Le palais des Beaux-Arts de Bruxelles présente une importante exposition consacrée à la figure de Vénus.
Initiée par le philosophe et romancier Umberto Eco, « Vénus dévoilée » qui est centrée sur la Vénus d’Urbino de Titien, montre ce qui fait de cette œuvre le symbole d’un lieu et d’une époque, et le point de départ d’une riche filiation. L’occasion de se pencher sur ce mythe ancestral et sa représentation, et de s’entretenir avec Umberto Eco de sa vision personnelle du musée idéal.
Symbole de beauté, d’amour et de féminité, la figure de Vénus trouve son origine dans la mythologie grecque. À l’aube des temps, Gaïa, la Terre, naquit du chaos primordial et engendra Uranus, avec lequel elle s’unit. Un jour, le titan Saturne, son plus jeune fils, muni d’une faucille en silex, se jeta par surprise sur son père et l’émascula. De la semence répandue dans la mer naquit Vénus, appelée en grec Aphrodite, qui signifie littéralement « jaillie de l’écume ». Dès l’Antiquité, la naissance de Vénus devient un motif très populaire. Souvent associée à Cupidon, mais mariée au forgeron Vulcain, on lui prête de nombreuses passions adultères, entre autres avec les mortels Anchise, Adonis et surtout Pâris. Toutefois, l’épisode le plus célèbre reste celui qui la voit s’unir au dieu Mars. Raconté pour la première fois dans l’Odyssée d’Homère, ce mythe, à l’inverse d’autres récits, bénéficia d’un préjugé favorable, car il prouve la puissance de l’« amour qui triomphe de tout », selon la formule de Virgile. Si aujourd’hui encore Vénus éveille l’imagination, elle le doit en grande partie à Ovide et ses Métamorphoses.

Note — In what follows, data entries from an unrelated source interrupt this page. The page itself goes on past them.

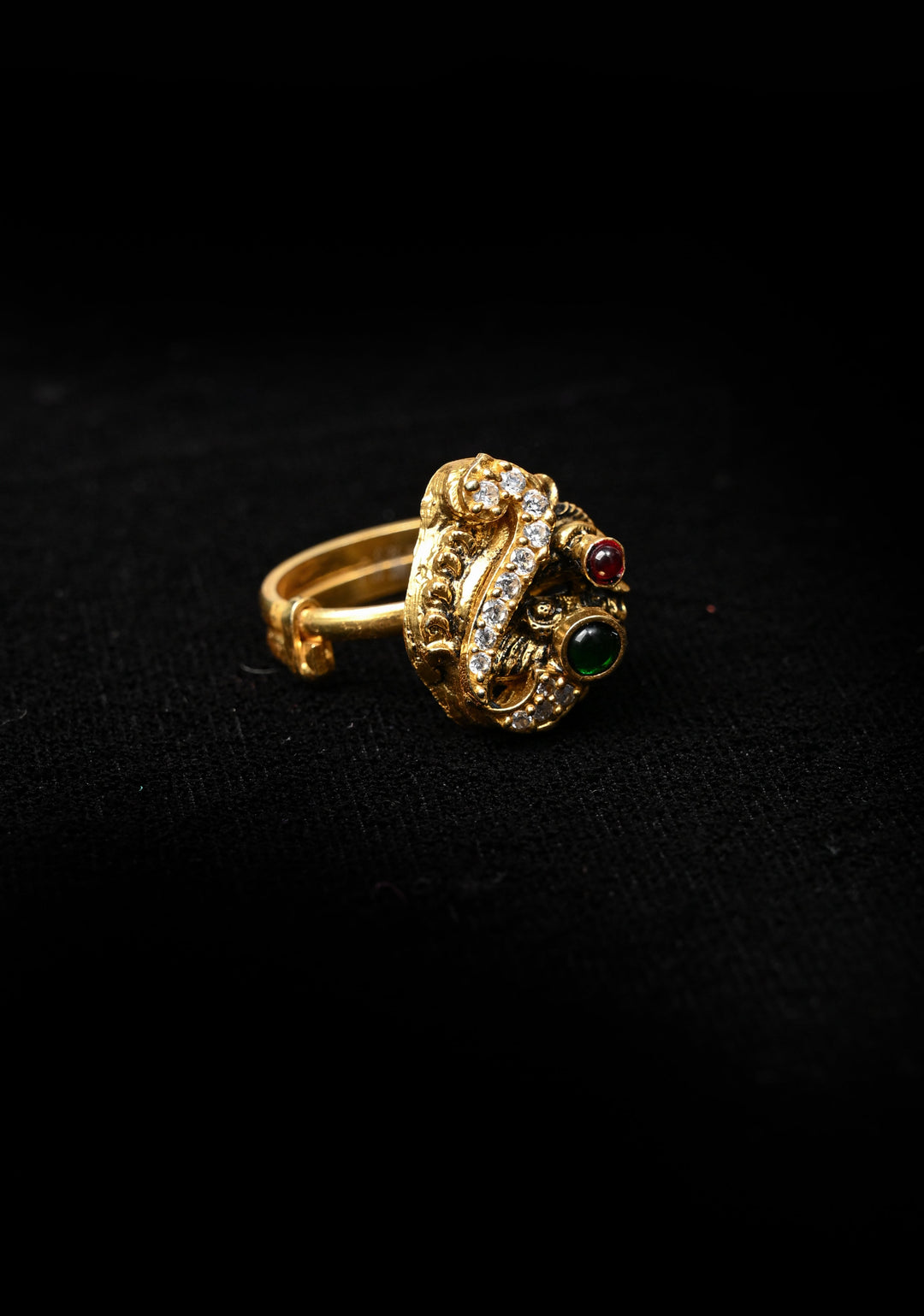 92.5 Silver, Gold-Plated Temple Style Gold Adjustable Ring with stone  Accents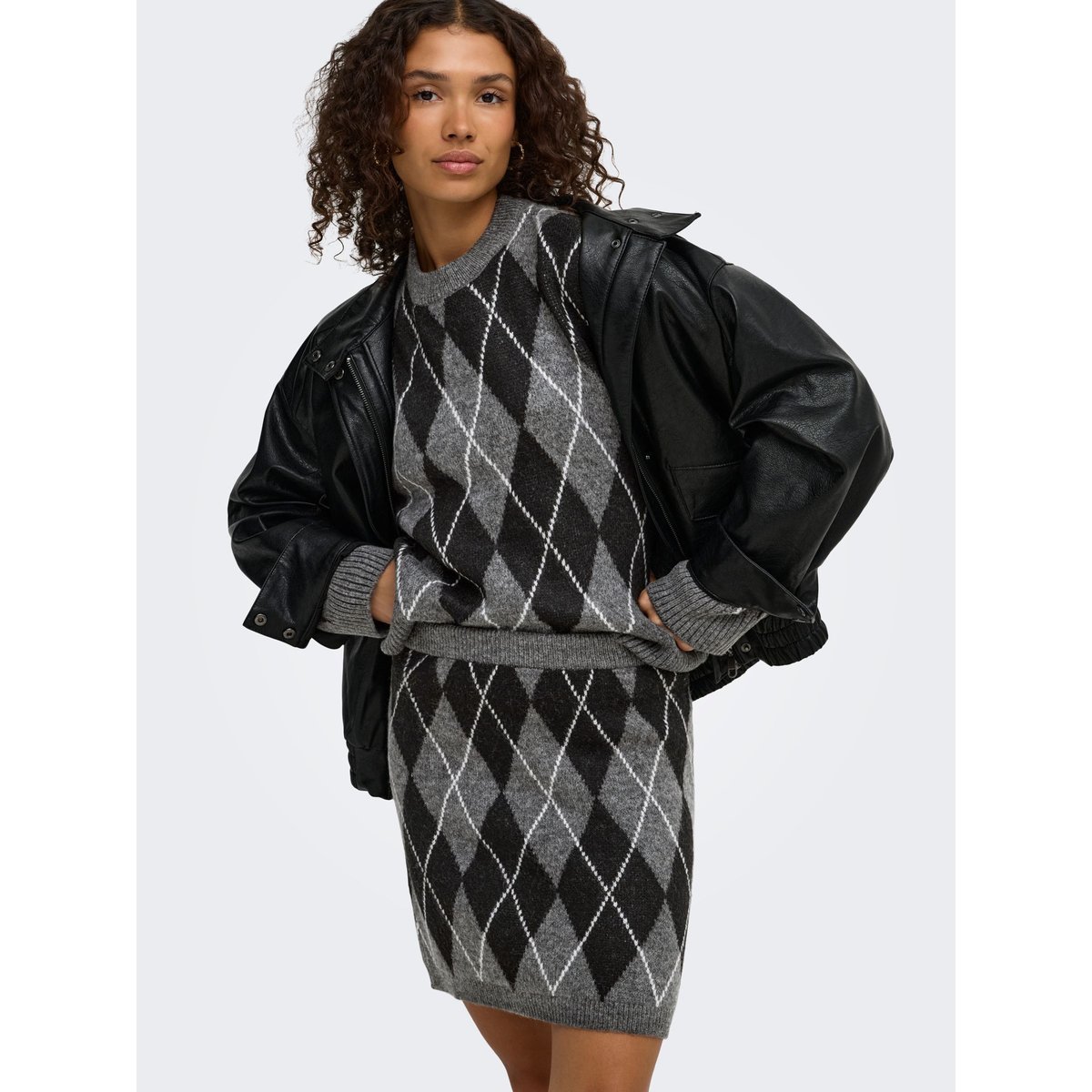 Jupe En Maille dark grey melange, JDY
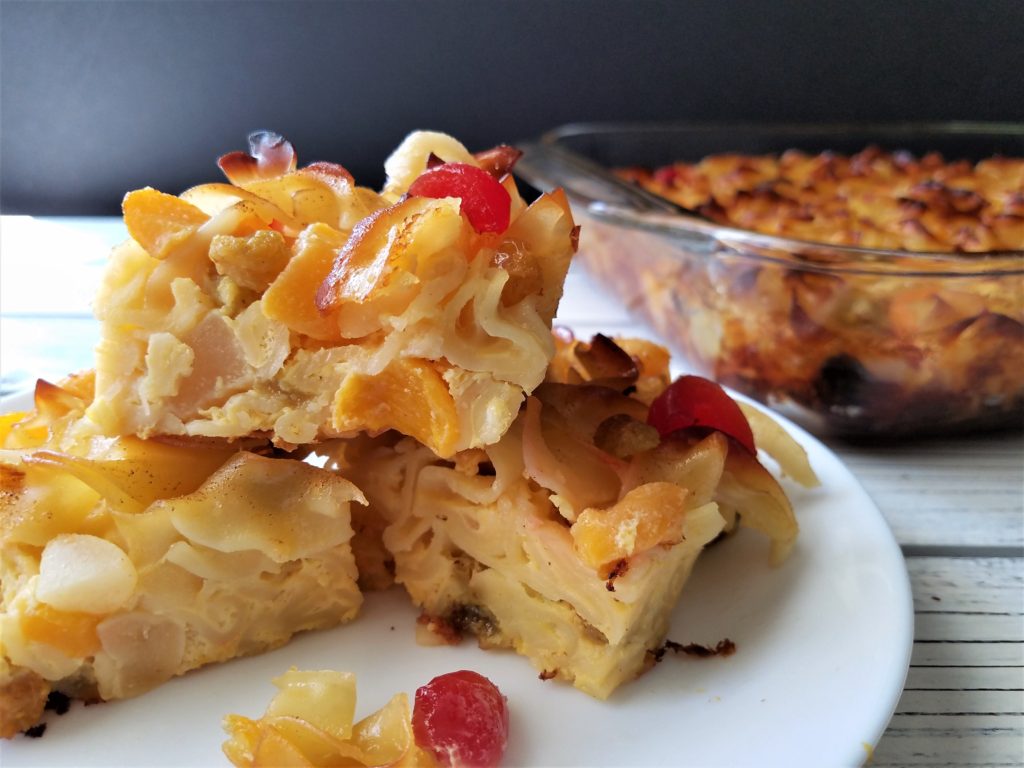 noodle pudding with fruit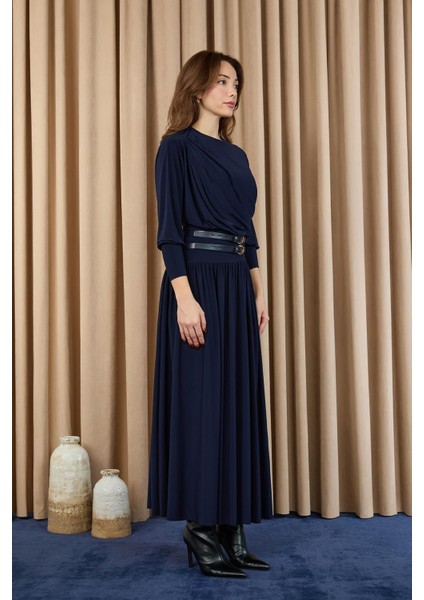 Kadın Kruvaze Yaka Kuşaklı Uzun Elbise -12659ELB fırsatları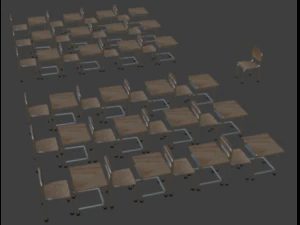 school old class room 3D Model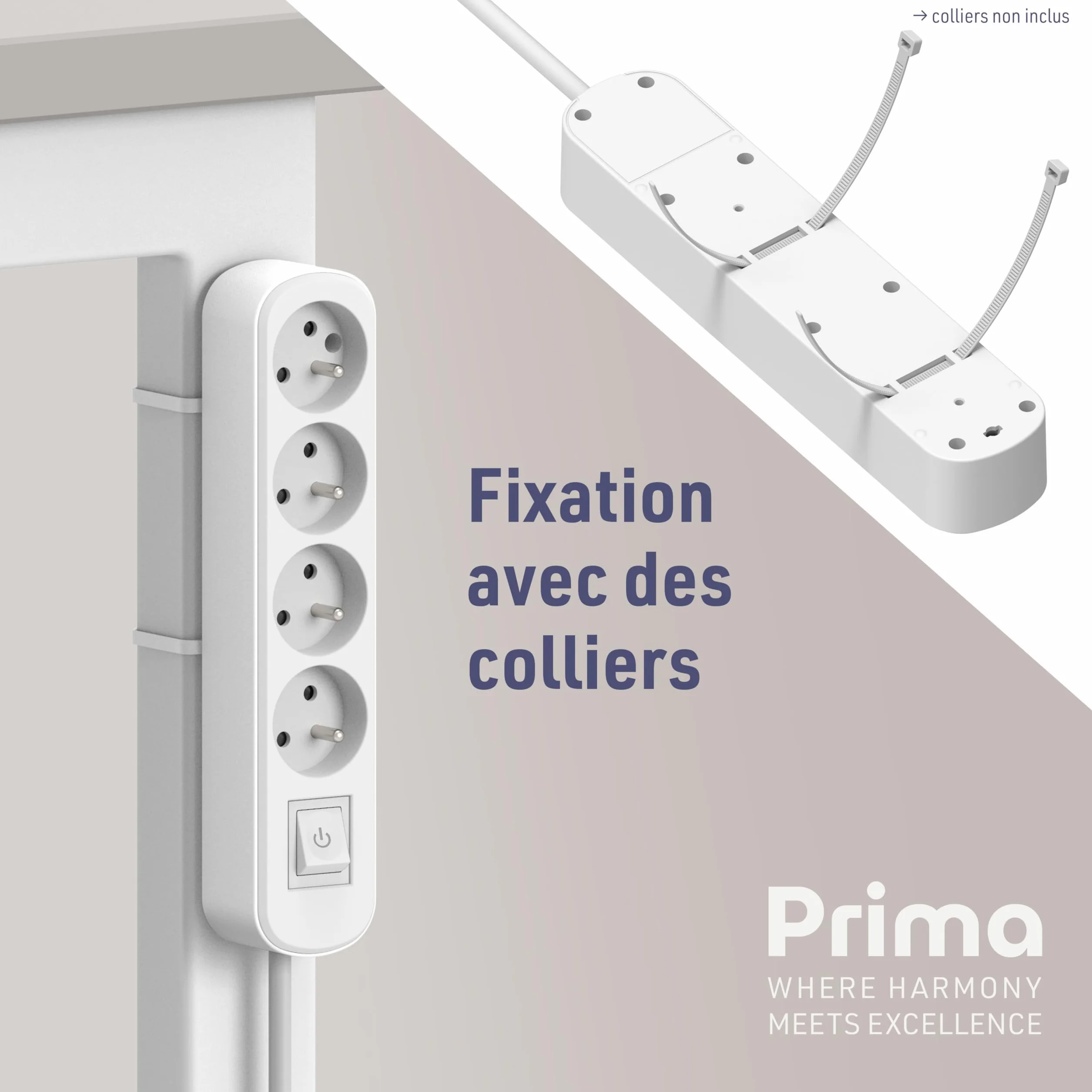 Electraline Bloc 4 prises avec interrupteur 1,5 m Blanc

L’importance de Vénus dans l’histoire de l’art est capitale et dépasse largement le cadre des légendes. En effet, elle fixe les repères dans la représentation du nu féminin, et ce grâce à Platon. Ainsi, dans Le Banquet, l’un des convives affirme l’existence de deux Vénus, qu’il nomme Céleste et Vulgaire, ou bien selon leurs titres ultérieurs, « Vénus Coelestis » et « Vénus Naturalis ». Comme le déclare Kenneth Clark dans son ouvrage sur le nu, « cette brève allusion, parce qu’elle symbolisait un sentiment humain profondément enraciné, ne fut jamais oubliée, et devint un principe de la philosophie du Moyen Âge et de la Renaissance ; elle est la justification du nu féminin » (Kenneth Clark, Le Nu, Hachette, 1998). Se succèdent alors dans l’histoire deux manières de considérer Vénus, l’une, objet de désir transcendé, dont la beauté symbolise le bon et le bien et qui fait de l’amour une valeur morale, et l’autre, dont la physionomie sensuelle est synonyme de perfidie et de luxure. Au Moyen Âge, elle apparaît comme l’incarnation suprême des risques associés à la beauté et au plaisir, et il faut attendre le regain de la culture classique de la Renaissance pour que certains philosophes érudits décident de lui restituer les attributs divins qui lui appartenaient. C’est dans ce contexte que Marcile Ficin, humaniste italien qui ne pouvait croire qu’une telle perfection de formes fût nuisible, composa une série de commentaires et de réinterprétations autour du Banquet de Platon, faisant de Vénus une déesse de l’amour magnifiée et détachée de la terre. De cet arrière-plan naquit la vision de
Botticelli avec Le Printemps puis La Naissance de Vénus, datant des environs de 1485, et qui apparaît comme une des tentatives les plus précoces et les plus réussies pour concrétiser cette beauté idéale. Durant les deux premières décennies du XVIe siècle, l’image définitive de Vénus s’élabore. Grâce à la diffusion des gravures de Marc Antonio, reproduisant des œuvres antiques, la représentation de la Vénus de la haute Renaissance se fixe à Venise. Le nu vénitien classique est inventé par Giorgione, auquel on attribue La Vénus de Dresde, terminée en 1510 par Titien, dont il emprunte l’image de la femme nue au corps abandonné pour sa fameuse Vénus d’Urbino, peinte en 1538.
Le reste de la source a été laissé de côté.